[Crawled caption data]
━━━━━━━━━━━━━━━━━━━━━━━━━━━━━━
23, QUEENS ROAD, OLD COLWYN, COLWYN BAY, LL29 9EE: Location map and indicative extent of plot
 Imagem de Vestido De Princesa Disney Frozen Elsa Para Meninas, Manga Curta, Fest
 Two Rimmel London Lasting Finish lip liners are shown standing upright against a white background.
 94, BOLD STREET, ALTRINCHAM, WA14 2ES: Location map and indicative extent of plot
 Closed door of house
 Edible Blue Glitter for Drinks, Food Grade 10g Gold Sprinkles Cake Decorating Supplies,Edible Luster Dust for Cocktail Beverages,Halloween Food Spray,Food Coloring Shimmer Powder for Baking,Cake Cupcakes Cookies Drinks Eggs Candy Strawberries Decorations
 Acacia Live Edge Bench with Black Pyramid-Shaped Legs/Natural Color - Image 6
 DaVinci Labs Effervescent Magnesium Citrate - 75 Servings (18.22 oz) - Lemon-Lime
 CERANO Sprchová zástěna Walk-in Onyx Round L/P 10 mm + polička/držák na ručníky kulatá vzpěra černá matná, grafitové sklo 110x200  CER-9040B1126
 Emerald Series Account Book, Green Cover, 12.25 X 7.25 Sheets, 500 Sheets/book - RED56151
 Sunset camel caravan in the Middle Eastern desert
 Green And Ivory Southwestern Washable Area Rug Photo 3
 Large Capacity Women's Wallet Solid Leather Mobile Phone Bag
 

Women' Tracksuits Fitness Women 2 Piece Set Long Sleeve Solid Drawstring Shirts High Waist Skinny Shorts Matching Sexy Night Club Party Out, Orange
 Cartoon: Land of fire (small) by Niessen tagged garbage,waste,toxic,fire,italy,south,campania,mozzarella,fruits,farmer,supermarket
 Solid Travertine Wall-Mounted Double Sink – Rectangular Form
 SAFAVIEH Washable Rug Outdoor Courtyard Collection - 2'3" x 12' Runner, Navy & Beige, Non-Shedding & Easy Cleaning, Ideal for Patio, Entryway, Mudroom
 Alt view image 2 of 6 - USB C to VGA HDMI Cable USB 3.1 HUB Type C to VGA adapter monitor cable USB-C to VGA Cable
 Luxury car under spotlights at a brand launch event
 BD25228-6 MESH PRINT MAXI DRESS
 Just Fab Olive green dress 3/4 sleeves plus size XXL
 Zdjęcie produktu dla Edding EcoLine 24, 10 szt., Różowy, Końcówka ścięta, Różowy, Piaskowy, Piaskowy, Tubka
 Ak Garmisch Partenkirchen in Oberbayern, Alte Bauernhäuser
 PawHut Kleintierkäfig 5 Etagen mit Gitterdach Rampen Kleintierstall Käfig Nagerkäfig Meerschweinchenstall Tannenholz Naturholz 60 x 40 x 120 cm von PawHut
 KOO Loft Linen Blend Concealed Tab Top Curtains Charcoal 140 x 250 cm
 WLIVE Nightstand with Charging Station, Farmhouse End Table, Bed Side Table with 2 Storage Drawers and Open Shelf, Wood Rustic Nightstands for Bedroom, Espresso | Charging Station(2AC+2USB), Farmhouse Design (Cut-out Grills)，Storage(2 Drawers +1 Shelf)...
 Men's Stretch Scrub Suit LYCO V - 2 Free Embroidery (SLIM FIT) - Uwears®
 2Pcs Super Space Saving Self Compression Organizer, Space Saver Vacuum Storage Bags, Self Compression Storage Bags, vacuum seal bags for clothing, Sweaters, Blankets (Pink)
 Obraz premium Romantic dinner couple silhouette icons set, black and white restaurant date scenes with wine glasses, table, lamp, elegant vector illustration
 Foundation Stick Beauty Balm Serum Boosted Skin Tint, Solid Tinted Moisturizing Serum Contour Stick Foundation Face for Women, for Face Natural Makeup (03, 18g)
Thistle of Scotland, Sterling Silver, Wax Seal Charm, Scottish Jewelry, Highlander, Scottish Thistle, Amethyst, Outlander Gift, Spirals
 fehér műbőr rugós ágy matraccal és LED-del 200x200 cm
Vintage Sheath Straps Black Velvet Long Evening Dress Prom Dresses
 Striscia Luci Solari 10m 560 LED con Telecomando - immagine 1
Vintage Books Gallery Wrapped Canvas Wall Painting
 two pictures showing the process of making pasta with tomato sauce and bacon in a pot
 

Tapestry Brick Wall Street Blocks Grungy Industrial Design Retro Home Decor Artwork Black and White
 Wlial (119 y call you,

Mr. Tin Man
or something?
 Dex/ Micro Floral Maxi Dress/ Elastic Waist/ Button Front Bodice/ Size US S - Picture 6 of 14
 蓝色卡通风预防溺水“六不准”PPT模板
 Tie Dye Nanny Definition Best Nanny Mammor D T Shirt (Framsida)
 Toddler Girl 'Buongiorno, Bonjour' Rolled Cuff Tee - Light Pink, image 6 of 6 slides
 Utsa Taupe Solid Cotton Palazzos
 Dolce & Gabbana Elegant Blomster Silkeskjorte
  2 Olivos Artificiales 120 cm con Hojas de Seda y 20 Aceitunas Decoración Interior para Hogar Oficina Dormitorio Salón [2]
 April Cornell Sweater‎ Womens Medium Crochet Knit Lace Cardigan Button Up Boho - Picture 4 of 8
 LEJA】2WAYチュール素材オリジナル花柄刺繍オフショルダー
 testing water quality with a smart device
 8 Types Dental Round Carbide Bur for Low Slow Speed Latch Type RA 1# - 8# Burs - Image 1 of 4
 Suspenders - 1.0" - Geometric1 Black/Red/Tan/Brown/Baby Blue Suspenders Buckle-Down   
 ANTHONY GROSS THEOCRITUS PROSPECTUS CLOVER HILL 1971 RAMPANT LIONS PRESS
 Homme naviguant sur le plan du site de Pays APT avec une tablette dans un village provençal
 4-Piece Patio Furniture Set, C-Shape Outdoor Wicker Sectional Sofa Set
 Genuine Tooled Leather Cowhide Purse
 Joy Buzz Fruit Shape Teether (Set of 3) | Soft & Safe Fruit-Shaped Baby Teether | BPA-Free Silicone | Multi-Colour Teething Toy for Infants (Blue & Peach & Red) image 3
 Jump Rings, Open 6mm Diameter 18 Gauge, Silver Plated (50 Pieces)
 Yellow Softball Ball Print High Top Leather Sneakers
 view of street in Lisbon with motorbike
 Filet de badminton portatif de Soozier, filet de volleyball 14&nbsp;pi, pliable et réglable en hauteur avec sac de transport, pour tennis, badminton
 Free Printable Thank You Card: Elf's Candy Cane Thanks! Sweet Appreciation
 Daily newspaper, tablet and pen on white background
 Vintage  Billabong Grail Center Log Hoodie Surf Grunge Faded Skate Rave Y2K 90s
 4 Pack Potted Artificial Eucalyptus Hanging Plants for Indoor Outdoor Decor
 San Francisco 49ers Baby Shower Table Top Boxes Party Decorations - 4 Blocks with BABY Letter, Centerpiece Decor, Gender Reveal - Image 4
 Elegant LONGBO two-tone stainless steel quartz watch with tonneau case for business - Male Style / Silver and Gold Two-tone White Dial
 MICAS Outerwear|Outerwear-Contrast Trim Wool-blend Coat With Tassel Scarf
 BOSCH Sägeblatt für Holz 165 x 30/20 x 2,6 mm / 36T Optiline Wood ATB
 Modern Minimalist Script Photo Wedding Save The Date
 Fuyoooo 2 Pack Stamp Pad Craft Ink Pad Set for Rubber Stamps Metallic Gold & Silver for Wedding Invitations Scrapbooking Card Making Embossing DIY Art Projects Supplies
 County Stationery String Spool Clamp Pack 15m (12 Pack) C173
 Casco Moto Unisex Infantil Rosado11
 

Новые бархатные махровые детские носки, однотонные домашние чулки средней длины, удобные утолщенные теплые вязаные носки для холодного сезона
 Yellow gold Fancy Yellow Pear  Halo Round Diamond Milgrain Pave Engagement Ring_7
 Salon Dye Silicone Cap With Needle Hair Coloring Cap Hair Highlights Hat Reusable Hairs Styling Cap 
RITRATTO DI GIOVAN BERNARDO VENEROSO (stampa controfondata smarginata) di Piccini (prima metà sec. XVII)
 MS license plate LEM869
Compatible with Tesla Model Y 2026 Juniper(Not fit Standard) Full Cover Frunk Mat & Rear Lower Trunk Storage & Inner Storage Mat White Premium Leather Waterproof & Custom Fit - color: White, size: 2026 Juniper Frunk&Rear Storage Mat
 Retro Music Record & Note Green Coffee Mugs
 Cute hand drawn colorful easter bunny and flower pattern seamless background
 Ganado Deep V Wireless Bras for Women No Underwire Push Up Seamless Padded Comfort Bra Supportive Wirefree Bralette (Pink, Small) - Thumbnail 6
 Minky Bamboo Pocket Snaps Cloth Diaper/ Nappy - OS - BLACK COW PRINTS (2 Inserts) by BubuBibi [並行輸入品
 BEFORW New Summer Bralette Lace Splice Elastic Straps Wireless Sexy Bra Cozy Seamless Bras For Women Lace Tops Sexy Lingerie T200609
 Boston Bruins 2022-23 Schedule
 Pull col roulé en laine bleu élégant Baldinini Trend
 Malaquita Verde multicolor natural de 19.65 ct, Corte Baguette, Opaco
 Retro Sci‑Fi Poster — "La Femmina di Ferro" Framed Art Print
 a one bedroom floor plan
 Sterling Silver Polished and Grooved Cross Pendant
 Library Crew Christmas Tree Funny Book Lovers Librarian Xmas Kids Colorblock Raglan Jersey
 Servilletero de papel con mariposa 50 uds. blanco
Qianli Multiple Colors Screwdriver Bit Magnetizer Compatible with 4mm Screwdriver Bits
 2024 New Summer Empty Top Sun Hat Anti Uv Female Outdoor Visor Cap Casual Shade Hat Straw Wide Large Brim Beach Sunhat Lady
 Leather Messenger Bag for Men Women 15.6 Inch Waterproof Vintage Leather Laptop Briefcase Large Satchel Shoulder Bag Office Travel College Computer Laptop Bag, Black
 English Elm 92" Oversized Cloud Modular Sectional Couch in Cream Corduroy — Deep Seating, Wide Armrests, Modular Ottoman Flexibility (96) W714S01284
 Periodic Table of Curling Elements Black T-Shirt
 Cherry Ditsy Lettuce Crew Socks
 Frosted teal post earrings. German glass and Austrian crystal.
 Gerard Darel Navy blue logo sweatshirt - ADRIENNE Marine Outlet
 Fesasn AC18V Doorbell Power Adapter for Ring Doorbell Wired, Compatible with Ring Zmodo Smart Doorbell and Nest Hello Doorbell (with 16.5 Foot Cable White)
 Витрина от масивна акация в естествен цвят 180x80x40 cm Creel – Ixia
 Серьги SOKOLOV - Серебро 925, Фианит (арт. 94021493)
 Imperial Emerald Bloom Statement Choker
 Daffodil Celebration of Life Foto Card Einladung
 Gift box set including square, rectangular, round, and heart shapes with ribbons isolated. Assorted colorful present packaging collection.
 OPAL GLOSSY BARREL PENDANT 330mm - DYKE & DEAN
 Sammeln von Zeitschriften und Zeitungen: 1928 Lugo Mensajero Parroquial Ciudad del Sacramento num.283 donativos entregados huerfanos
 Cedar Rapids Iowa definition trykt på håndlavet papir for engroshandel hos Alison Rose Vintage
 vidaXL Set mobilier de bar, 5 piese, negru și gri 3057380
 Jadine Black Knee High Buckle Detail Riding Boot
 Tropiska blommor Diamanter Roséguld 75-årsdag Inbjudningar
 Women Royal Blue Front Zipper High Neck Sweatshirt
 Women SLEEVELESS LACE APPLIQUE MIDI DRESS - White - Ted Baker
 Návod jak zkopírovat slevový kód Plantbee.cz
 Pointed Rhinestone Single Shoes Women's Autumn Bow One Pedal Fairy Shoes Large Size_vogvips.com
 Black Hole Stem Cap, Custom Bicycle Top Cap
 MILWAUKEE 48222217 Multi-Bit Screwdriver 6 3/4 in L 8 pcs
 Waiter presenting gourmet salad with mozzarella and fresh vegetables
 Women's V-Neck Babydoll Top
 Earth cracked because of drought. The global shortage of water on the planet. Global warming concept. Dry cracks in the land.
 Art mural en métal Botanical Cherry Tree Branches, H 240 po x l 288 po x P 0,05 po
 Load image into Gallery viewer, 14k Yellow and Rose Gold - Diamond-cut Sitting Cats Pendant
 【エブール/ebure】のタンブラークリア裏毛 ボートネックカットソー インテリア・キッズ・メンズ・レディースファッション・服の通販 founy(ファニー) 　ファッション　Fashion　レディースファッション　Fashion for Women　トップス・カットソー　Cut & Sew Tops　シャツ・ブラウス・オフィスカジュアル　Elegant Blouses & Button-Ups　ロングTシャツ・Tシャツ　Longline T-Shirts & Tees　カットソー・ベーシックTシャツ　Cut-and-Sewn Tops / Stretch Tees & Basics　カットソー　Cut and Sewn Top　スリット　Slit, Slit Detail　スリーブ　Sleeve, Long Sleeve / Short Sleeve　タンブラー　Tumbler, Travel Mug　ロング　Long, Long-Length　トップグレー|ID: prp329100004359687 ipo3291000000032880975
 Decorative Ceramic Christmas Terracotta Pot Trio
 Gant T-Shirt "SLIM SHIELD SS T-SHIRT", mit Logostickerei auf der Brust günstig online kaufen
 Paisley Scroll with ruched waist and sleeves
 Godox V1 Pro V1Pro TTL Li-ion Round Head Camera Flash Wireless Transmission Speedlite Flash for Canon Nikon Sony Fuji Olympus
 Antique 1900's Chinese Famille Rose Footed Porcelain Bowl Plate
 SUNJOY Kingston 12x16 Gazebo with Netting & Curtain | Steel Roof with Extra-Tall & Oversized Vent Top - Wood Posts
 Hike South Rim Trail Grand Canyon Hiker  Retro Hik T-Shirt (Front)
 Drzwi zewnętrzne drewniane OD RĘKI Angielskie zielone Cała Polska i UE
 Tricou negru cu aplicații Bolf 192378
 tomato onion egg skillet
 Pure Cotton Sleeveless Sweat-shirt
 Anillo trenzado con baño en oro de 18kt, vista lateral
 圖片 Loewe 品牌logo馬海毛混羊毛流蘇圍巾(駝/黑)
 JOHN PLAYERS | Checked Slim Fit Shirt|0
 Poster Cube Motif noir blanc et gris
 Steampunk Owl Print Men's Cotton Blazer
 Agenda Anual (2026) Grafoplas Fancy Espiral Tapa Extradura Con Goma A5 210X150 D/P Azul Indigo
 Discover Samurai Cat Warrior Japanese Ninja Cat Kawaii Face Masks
━━━━━━━━━━━━━━━━━━━━━━━━━━━━━━
§ **Directions for this task**
Go through the records and show every line with the string "Front" in it.

§ **Answer space**
 Dex/ Micro Floral Maxi Dress/ Elastic Waist/ Button Front Bodice/ Size US S - Picture 6 of 14
 Women Royal Blue Front Zipper High Neck Sweatshirt
 Hike South Rim Trail Grand Canyon Hiker  Retro Hik T-Shirt (Front)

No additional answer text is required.